Protecting the BPC Ball Fields: Work on Flood Barriers to Begin in Early 2020

Rendering of "interim" flood protection at the corner of West and Murray Streets, with a 4-foot-high steel plate barrier and decorative surface. Rendering: Battery Park City Authority and STV

Posted
Aug. 26, 2019

Flood protection for the Battery Park City ball fields is headed for construction early next year.

The Battery Park City Authority and its contractor have laid out details for an “interim” solution to the unprotected fields that they say could be completed by this time next year, with no disruption to league play. They presented the option last month at a public meeting on storm resiliency plans for the fields. 
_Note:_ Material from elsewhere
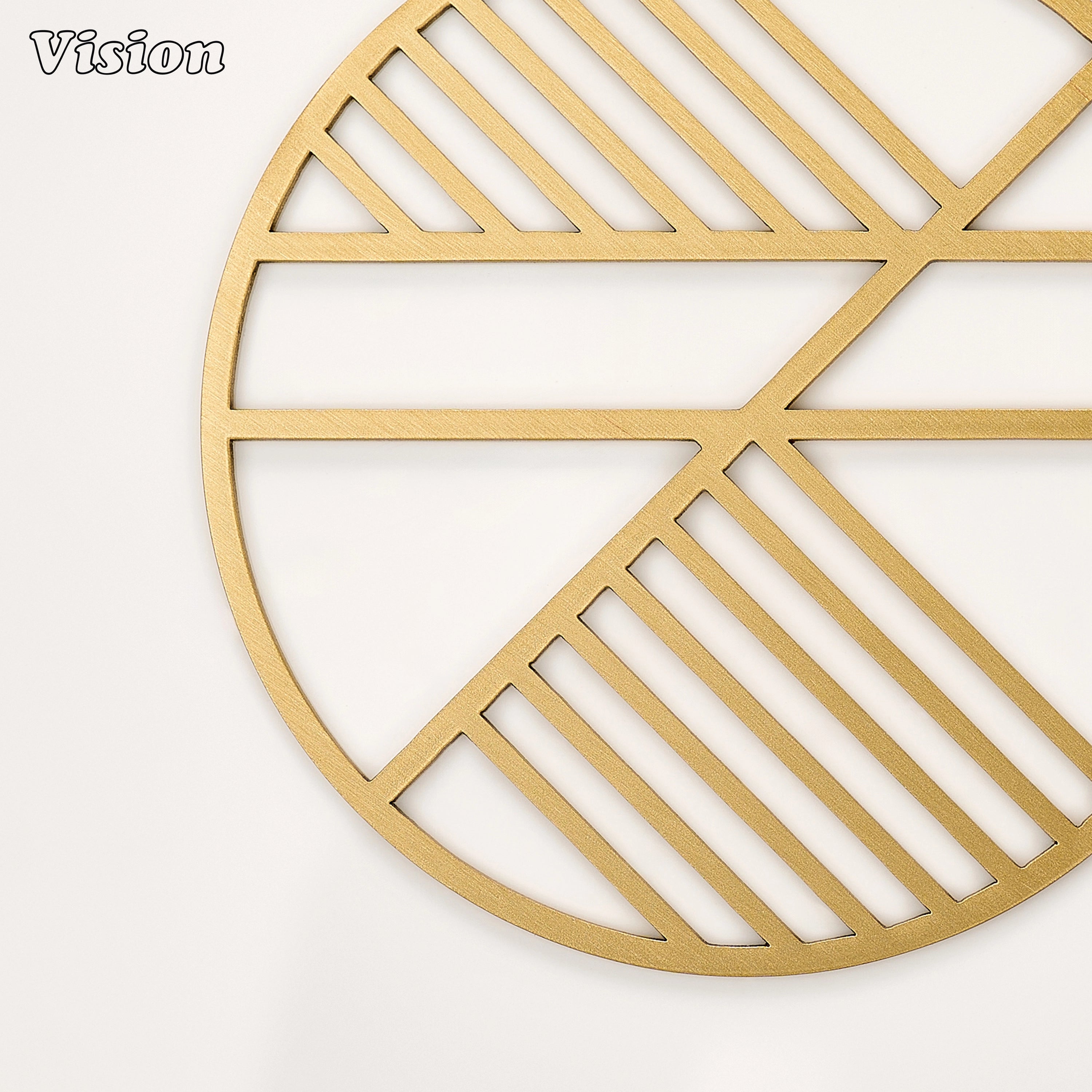 Sleek gold solid brass drink coaster with dynamic geometric patterns on a contemporary home office desk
The plan calls for a 4-foot-high steel plate wall along the outside perimeter of the field fence that is expected to guard against an 11-foot flood. In addition, flood-proof doors and windows would be installed at the Asphalt Green community center facing the fields.

As recently as last March, it appeared that the Authority was gearing up for a more protective permanent structure—a reinforced 8-foot reinforced concrete wall that would also have a barrier against underground seepage. But that would have meant partially closing the fields during the estimated 15 months of construction at a time when flood protection work is limiting play on Pier 40 and East River Park, the other fields used by local kids. Less field time didn’t sit well with league leaders, and the Authority and STV, the project’s designers, came up with the less disruptive option.

According to STV’s projections, there is a 10 percent chance that, over the next 10 years, the area will be struck with flooding so heavy that it will spill over the interim barrier. The taller, permanent wall, with its below-ground seepage protection, reduces the probability to 4 percent, STV estimated. (The interim plan includes a much shallower below-grade beam that offers less seepage protection.) 

The estimated cost of the interim solution is $4 million to $5 million; the more complex permanent barrier more than doubles that to between $9.5 million to $10.5 million. 

If all goes as planned, in five years the Battery Park City Authority will have constructed barriers in the north and south ends of the neighborhood that will eliminate the need for the interim ball field protection, and the walls can be removed.  

“It seems there are clear advantages to the interim solution,” said Gwen Dawson, the Authority’s vice president for real property. “The big question is whether or not everybody can be comfortable with the additional risk factors for [flooding] during the period before the north and south projects are in place.”

The objective of the interim solution, Dawson said, “would be to get it in place as quickly as we can,and in time for the hurricane season of 2020.

Nobody wants to see a repeat of the kind of $7 million-damage wreaked by Superstorm Sandy on the fields and Asphalt Green community center, when three feet of water flowed up West Street from the Brooklyn-Battery Tunnel.

For this hurricane season the Authority has installed water-filled barriers, called Muscle Walls, around the ball field fences. They are expected to remain in place through November.